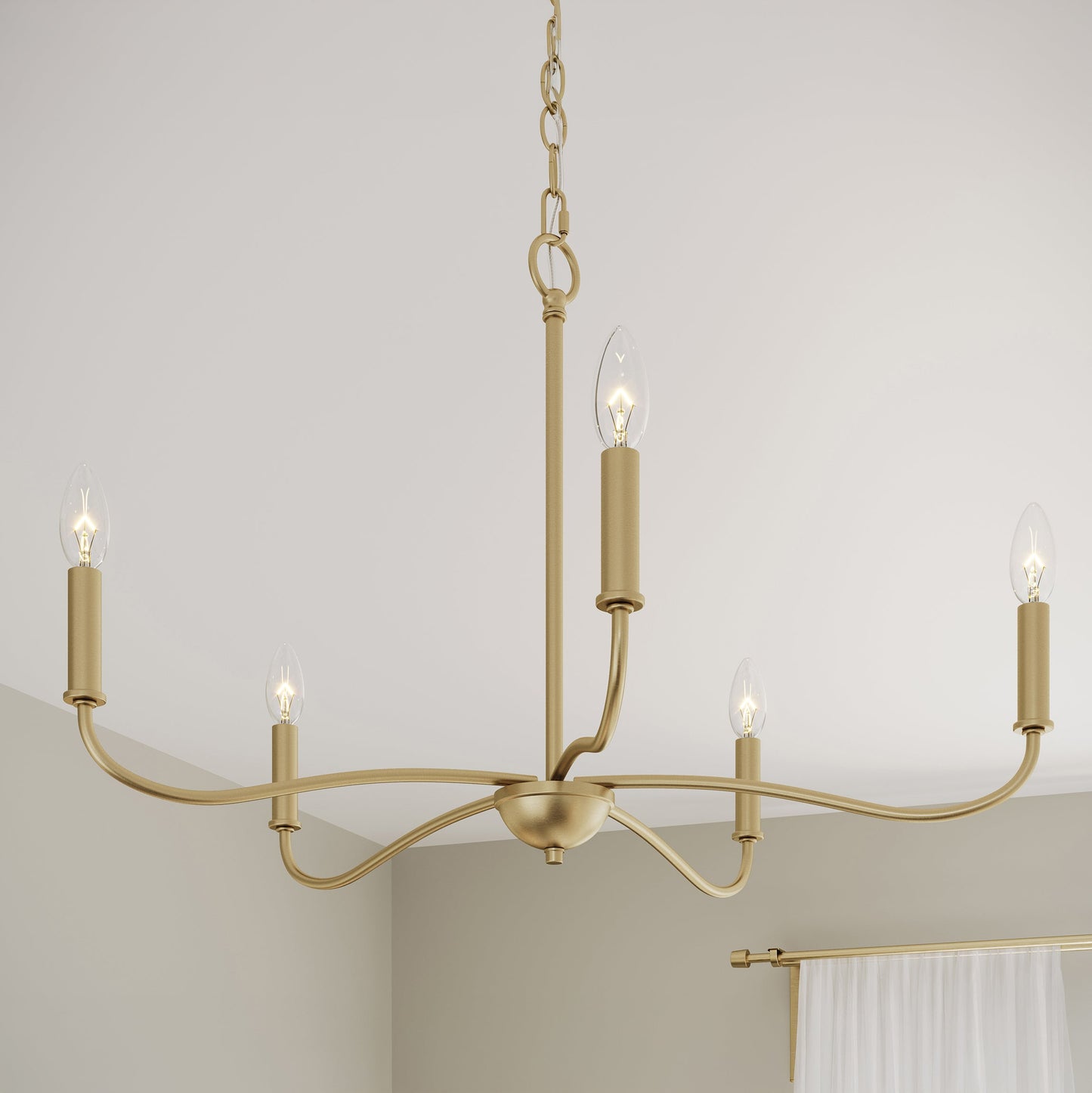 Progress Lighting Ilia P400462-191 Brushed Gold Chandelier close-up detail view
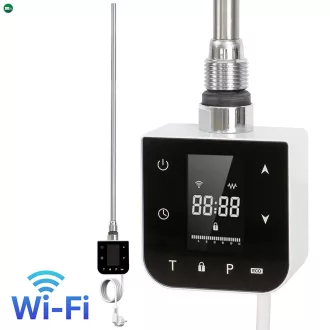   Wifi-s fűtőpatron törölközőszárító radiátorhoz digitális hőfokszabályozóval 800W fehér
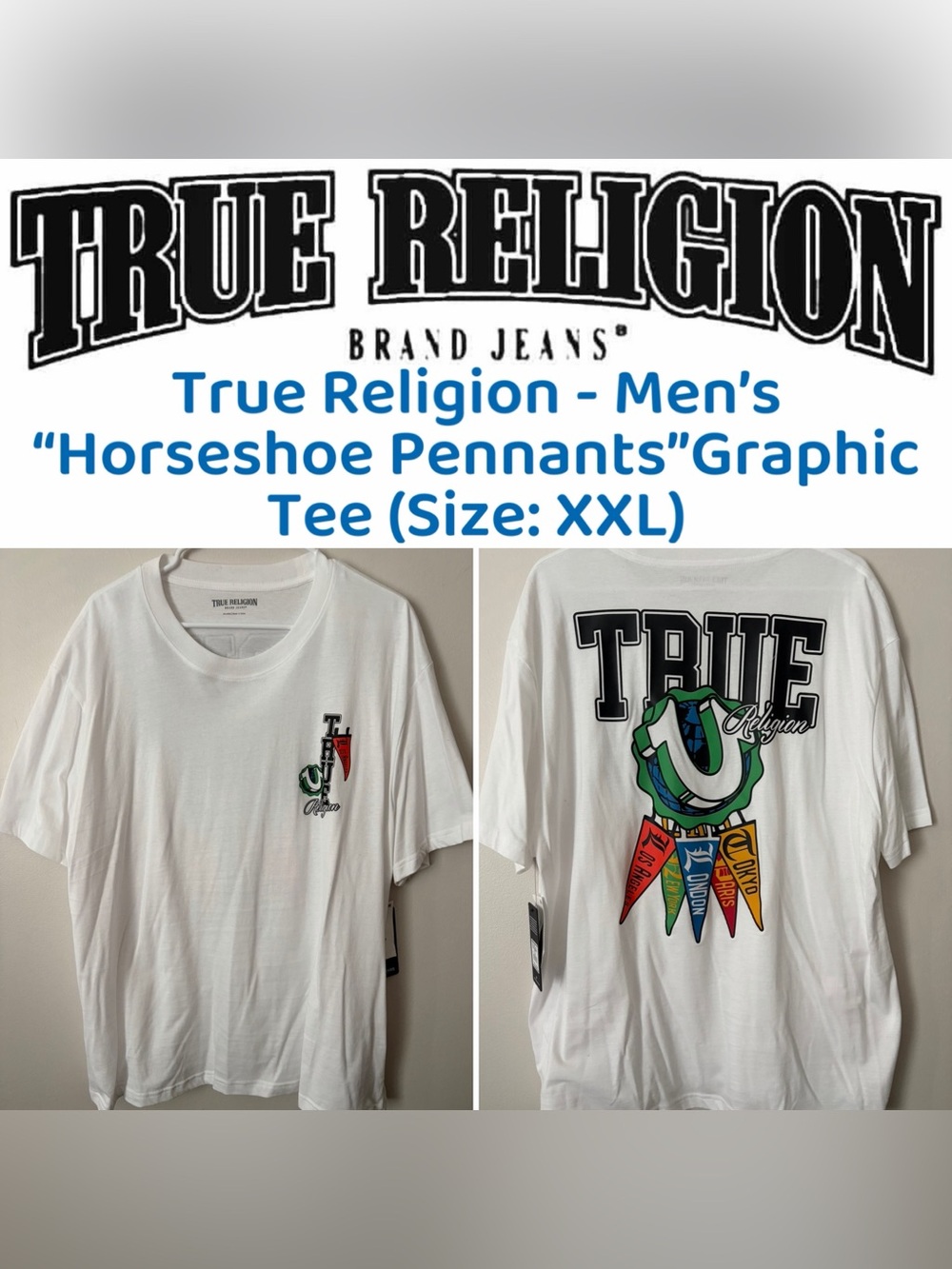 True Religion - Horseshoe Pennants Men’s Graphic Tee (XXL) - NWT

######

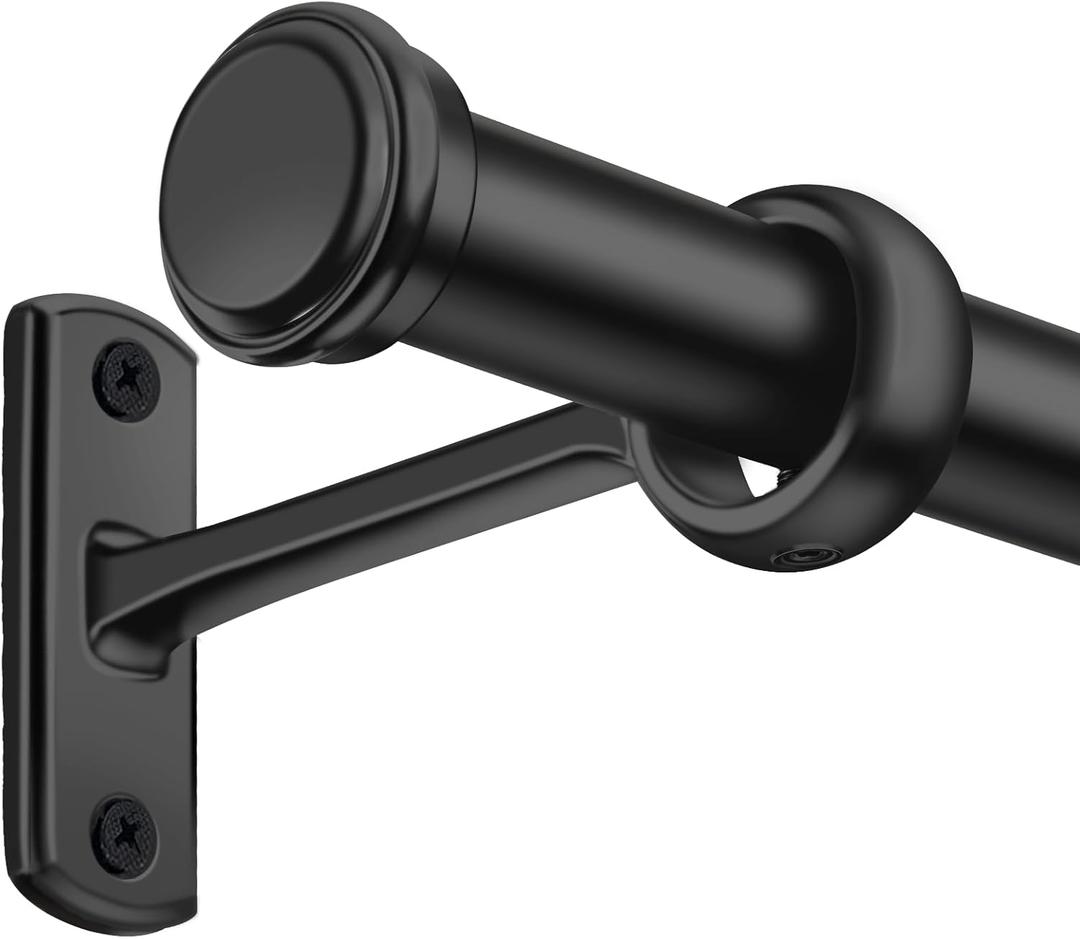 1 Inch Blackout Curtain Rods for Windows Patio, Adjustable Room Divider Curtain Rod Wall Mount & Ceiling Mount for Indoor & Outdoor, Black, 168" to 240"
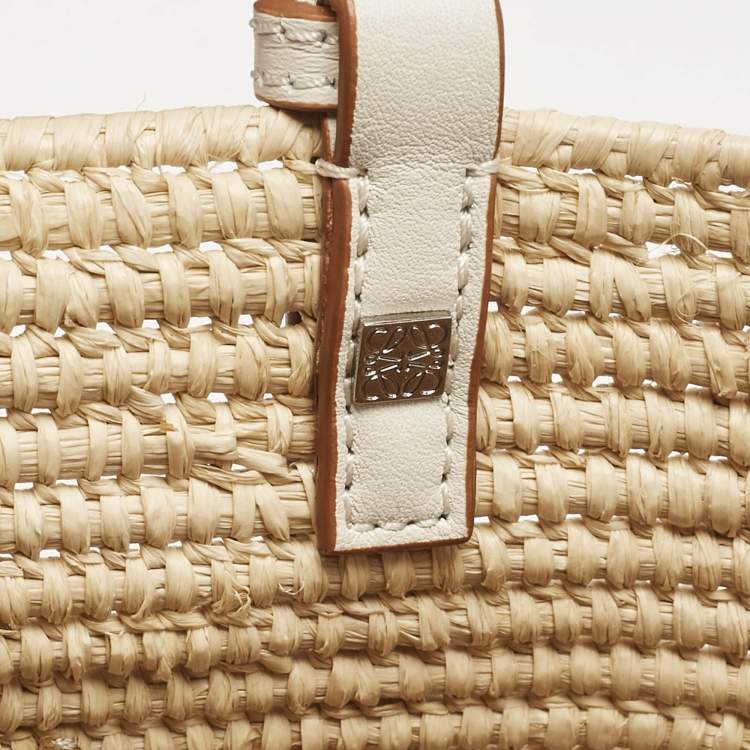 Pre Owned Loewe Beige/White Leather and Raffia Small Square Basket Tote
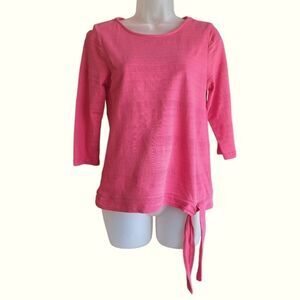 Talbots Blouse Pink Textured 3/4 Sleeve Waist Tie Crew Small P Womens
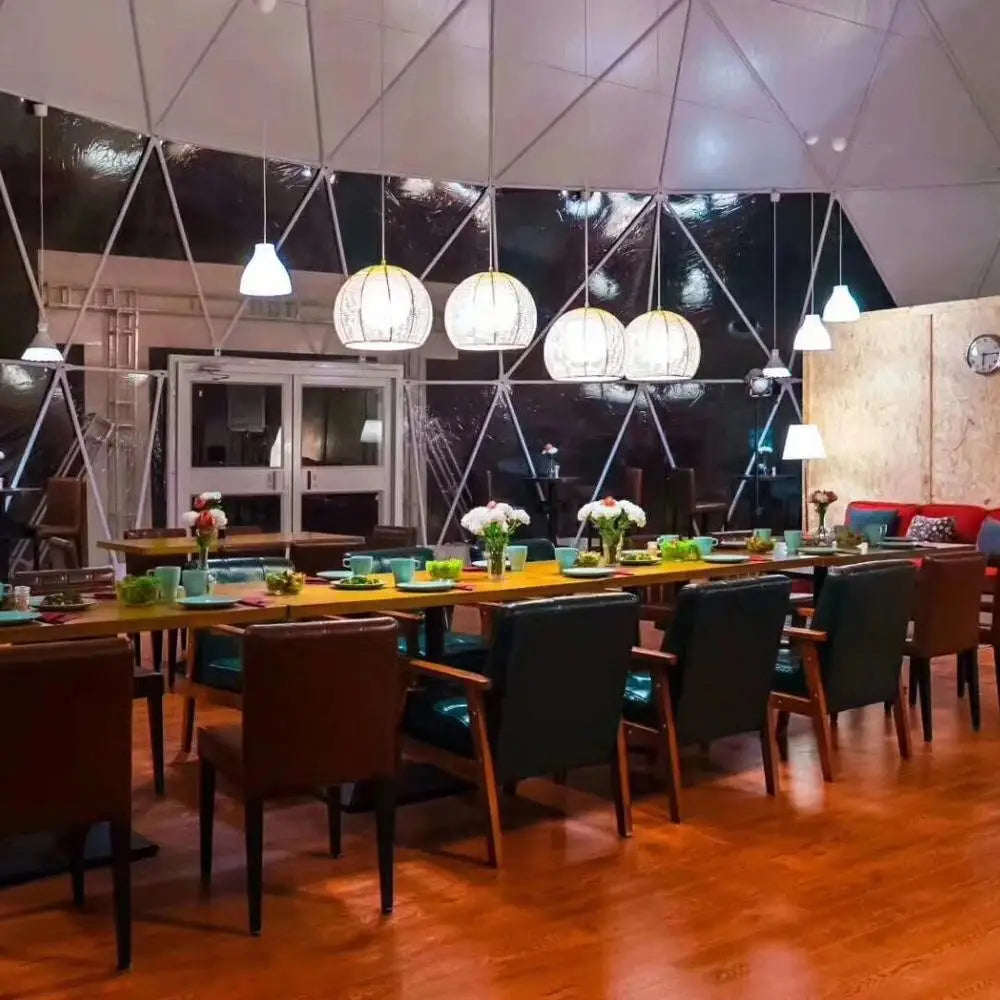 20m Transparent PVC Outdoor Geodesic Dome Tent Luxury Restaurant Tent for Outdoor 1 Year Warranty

######

*What this task involves*: Find the line with "Progress Lighting Ilia" and the line with "True Religion - Horseshoe" in the records above. Copy both and all lines between them exactly, without pictures.

*Exercise result*:
 Progress Lighting Ilia P400462-191 Brushed Gold Chandelier close-up detail view
   Wifi-s fűtőpatron törölközőszárító radiátorhoz digitális hőfokszabályozóval 800W fehér
 True Religion - Horseshoe Pennants Men’s Graphic Tee (XXL) - NWT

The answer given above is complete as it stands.